= Exercise requirements =
Copy the entries below word for word, but omit any pictures they contain.

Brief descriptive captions
● ● ●

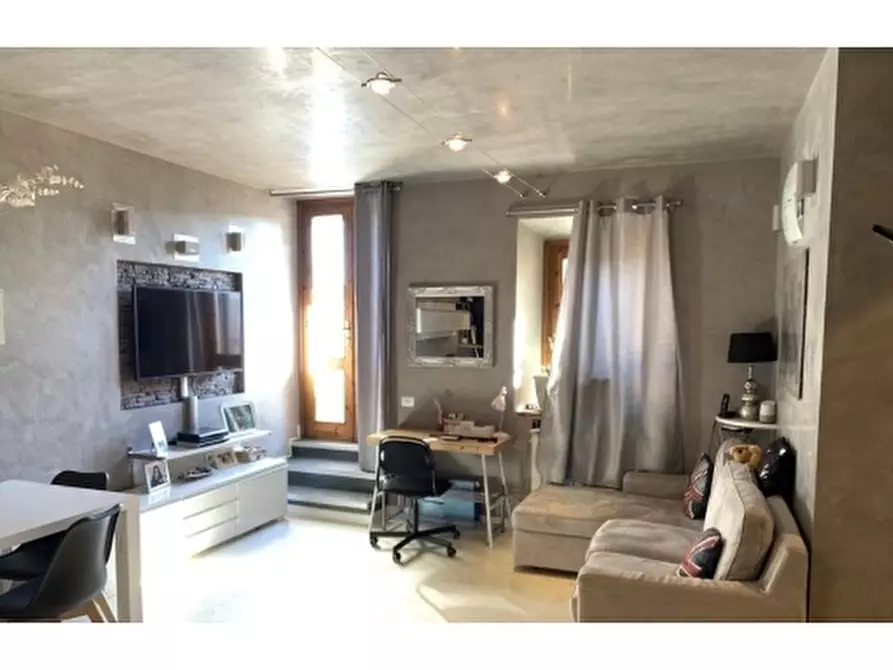 Immagine 7 di Appartamento in vendita  a Carmignano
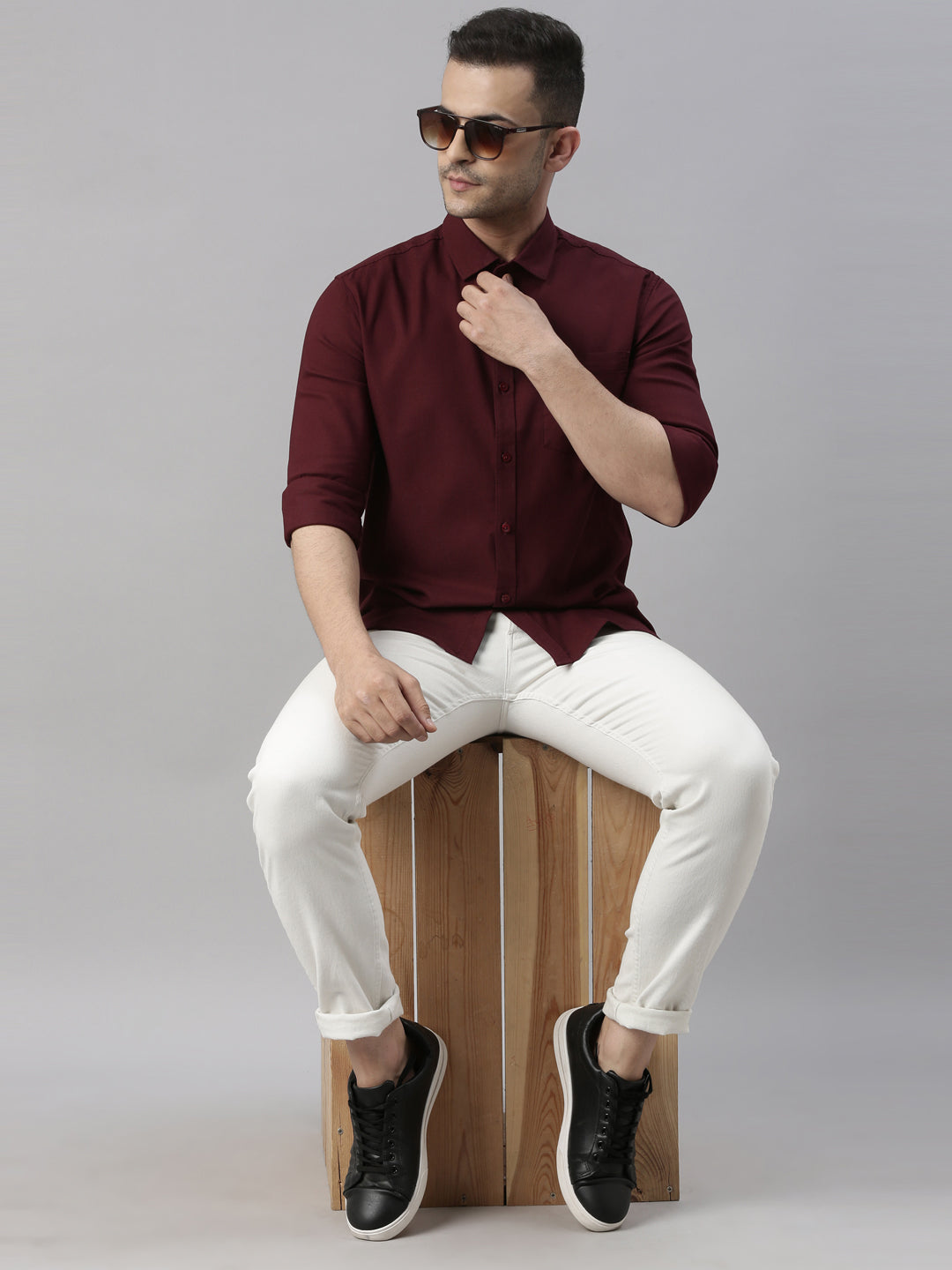 Buy Men Maroon Regular Fit Solid Full Sleeves Wedding Shirt Online - 736758  | Van Heusen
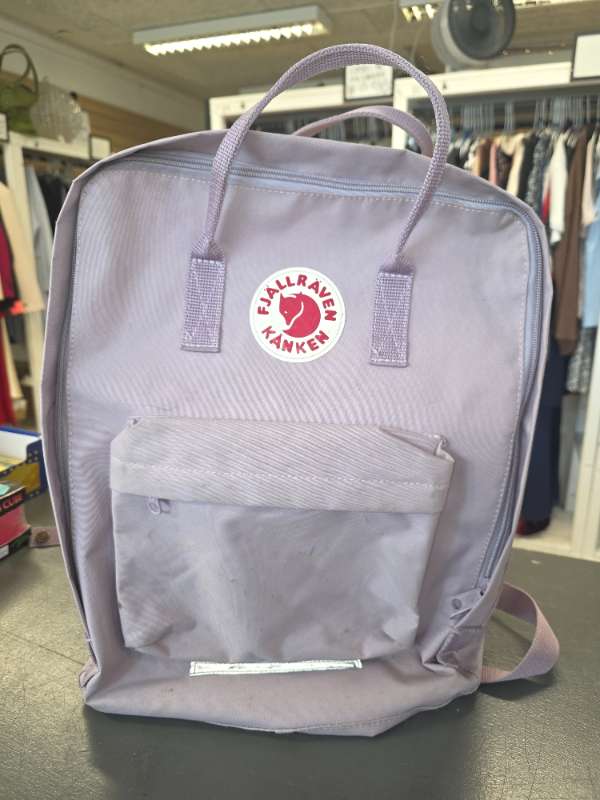Fjallraven bakpoki ljós fjólublár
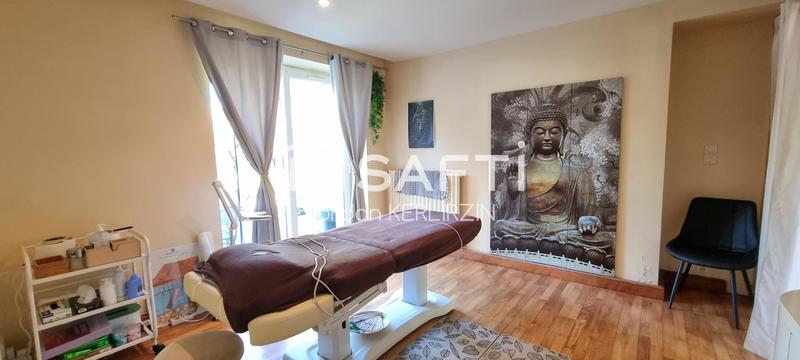 Maison - 237 m² - 8 pièces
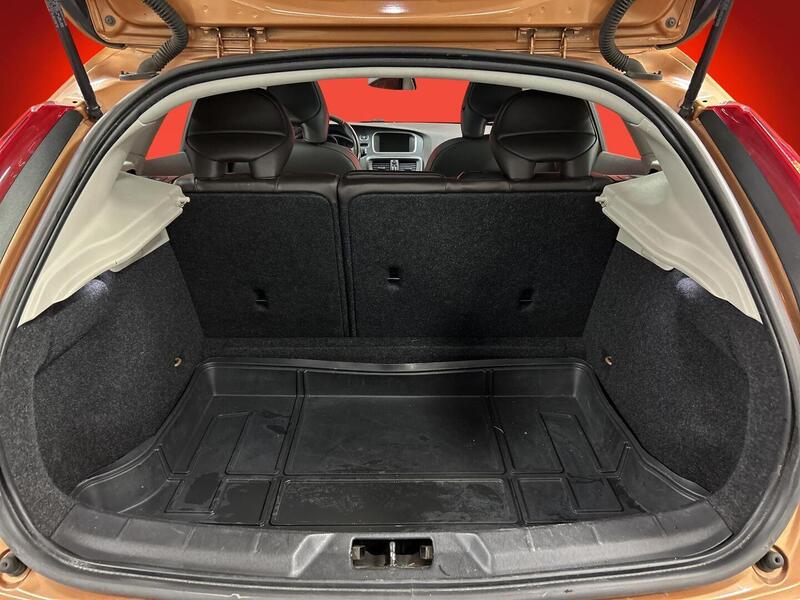 Volvo V40 Cross Country vaihtoauto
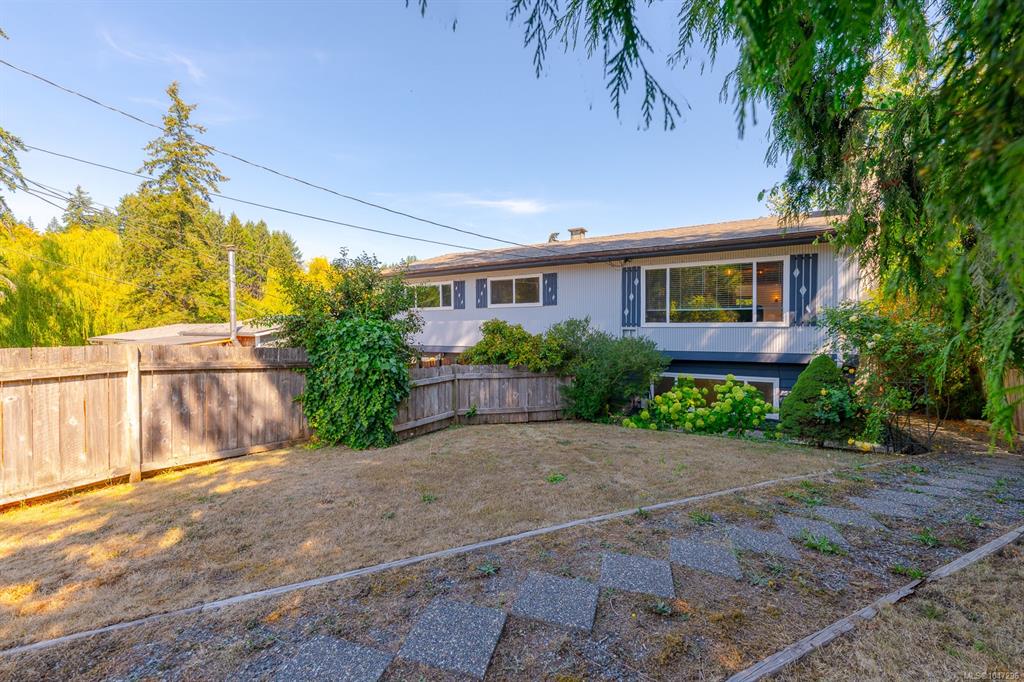 1574 Macmillan Rd, 1047296, BC,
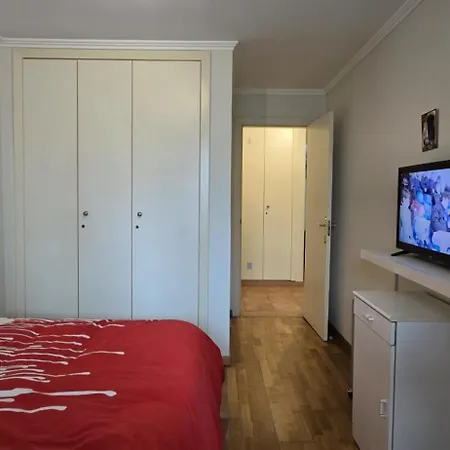 Prázdninový dům Aroeira Villa, Beach&golf With Private Garden *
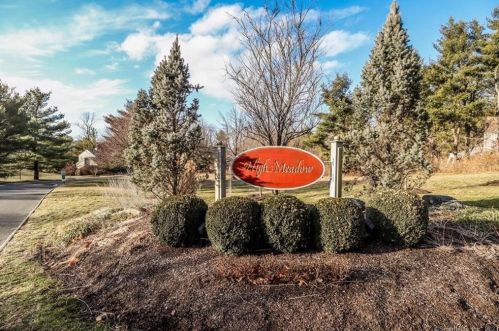 4 Pond View Dr, Brookfield Center CT  06804-3427 exterior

● ● ●

= Task response =
 Immagine 7 di Appartamento in vendita  a Carmignano
 Buy Men Maroon Regular Fit Solid Full Sleeves Wedding Shirt Online - 736758  | Van Heusen
Fjallraven bakpoki ljós fjólublár
 Maison - 237 m² - 8 pièces
 Volvo V40 Cross Country vaihtoauto
 1574 Macmillan Rd, 1047296, BC,
 Prázdninový dům Aroeira Villa, Beach&golf With Private Garden *
 4 Pond View Dr, Brookfield Center CT  06804-3427 exterior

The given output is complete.